San Diego City Council “Disappointed” With Mayor Faulconer’s Budget Revisions
Thursday, May 17, 2018
Photo by Kris Arciaga
The San Diego City Council's Budget Review Committee received Mayor Kevin Faulconer's proposed budget revisions Thursday and "disappointment" was a recurring theme.
The May revision includes updated revenue and expenditure projections developed since Faulconer's original proposed $1.45 billion spending plan was released.
Faulconer's office proposes spending an additional $9.7 million in new revenue on firefighter overtime, infrastructure spending, City Attorney's Office staffing and police recruitment, as well as a few other programs.
Though the revision includes more than $700,000 to be spent on infrastructure at the City Council's discretion, committee member Myrtle Cole lamented the lack of funding for "basics." District 4 constituents have been requesting sidewalk and streetlight installations for more than four years, she said.
"They said we need sidewalks. Not repair, not replace — you can't replace something you don't have," Cole said. "...They should not have to beg for basics in my district."
Cole and committee member Georgette Gomez also questioned the lack of additional funding for tree trimming.
Faulconer's original proposed budget includes an $882,000 reduction in tree-trimming funds, which is similar to a proposal suggested by the mayor's office, then rejected by the council last year. If the reduction stays in place, the amount of trees trimmed in fiscal year 2019 would fall from 20,000 to 10,000. Trees trimmed once every nine years would instead be maintained once every 21 years.
City officials said they would try to boost the tree-trimming budget in the revision, but funding remained static.
"I think maybe we misunderstood, because there was an understanding from (the committee) that it would be part of it," Gomez said.
City Financial Management Director Tracy McCraner said firefighter overtime sapped money from other potential revision priorities.
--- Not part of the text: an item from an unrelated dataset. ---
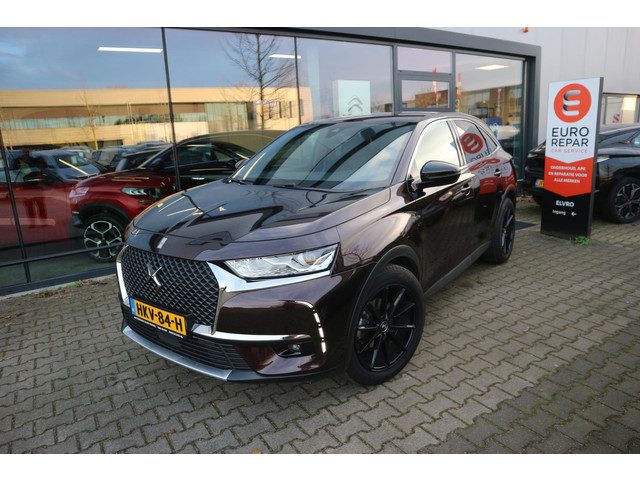 DS DS 7 Crossback 1.6 PureTech Business AUTOMAAT NAVI CLIMA CRUISE PDC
December brought an unusually severe fire season. A new labor deal also mandates that firefighters with significant unspent vacation time use it more aggressively, which means other firefighters have to work overtime to fill staffing gaps.
The revision includes $6.8 million to cover overtime.
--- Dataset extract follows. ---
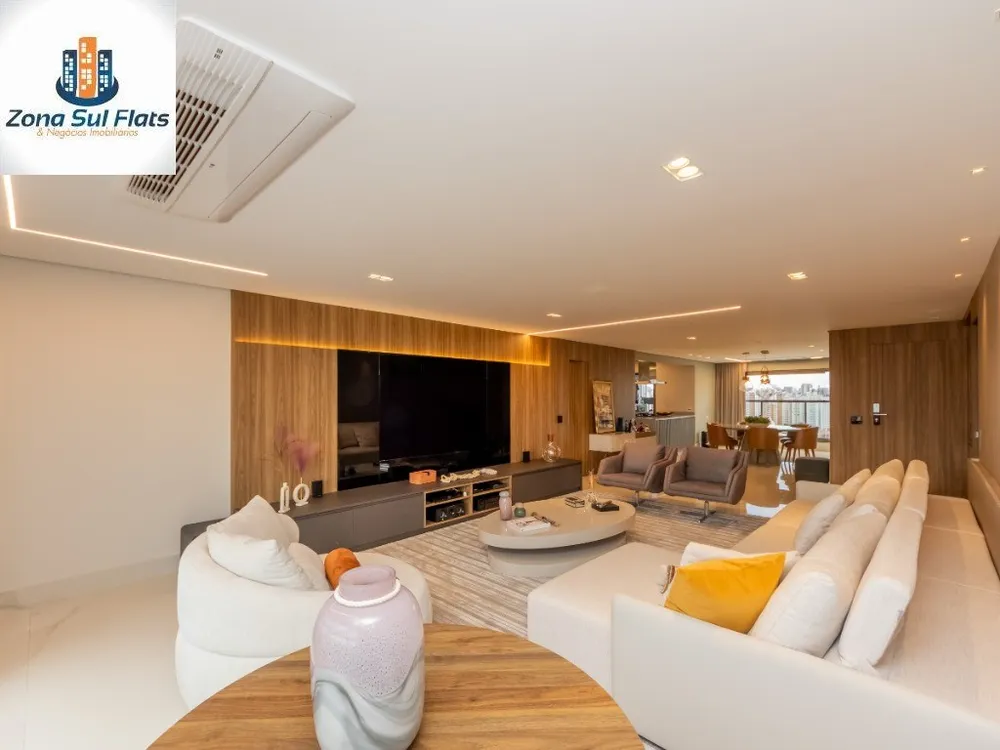 Apartamento, 3 quartos, 163 m² - Foto 4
"That extreme fire season overtime masked the impact of the new MOU overtime provision that went into effect this year, so what we saw in the January, February, March timeframe was overtime wasn't going down as it had in years past," McCraner said.
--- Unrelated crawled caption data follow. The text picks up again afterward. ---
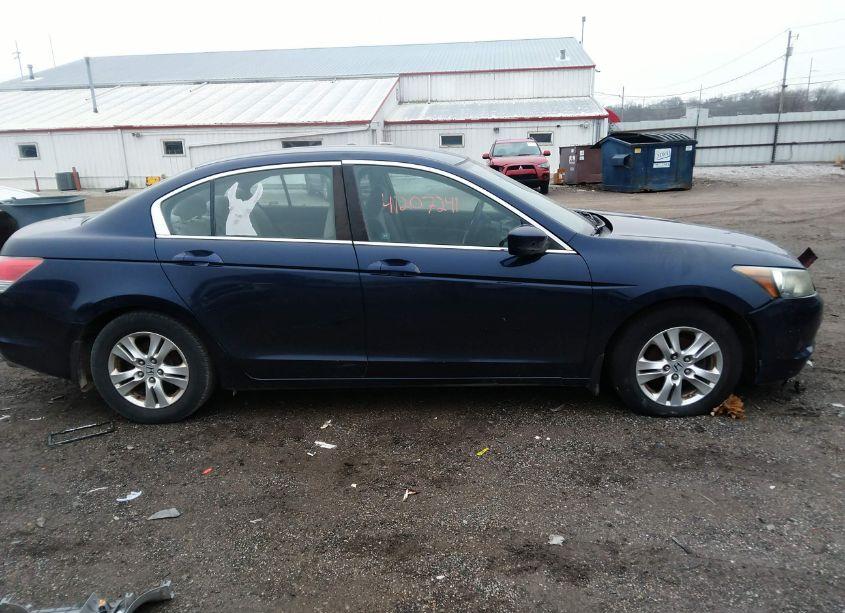 Photo 13 of 2008 Honda Accord 2.4 LX-P (VIN 1HGCP26418A042912)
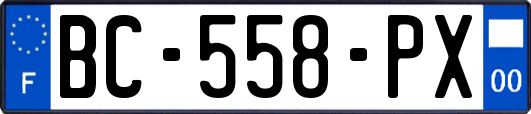 BC-558-PX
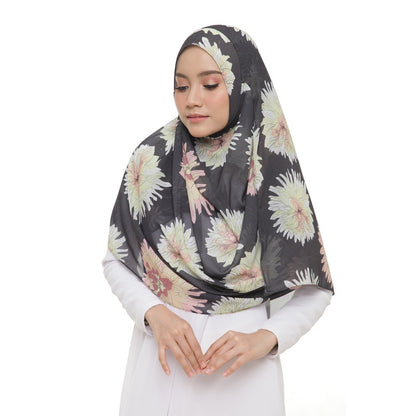 Instant Shawl Lily - 48 Warm Peonies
Committee member Barbara Bry expressed concern over the lack of advanced communication regarding fire overtime.
She also had several problems with the May revision, including the amount of council discretionary funding and the lack of additional tree- trimming and graffiti abatement funds.
"When I did my state of the district speech I talked about being imaginative, innovative and inclusive in order to prioritize and craft lasting solutions for our city," Bry said. "With that in mind, I'm disappointed."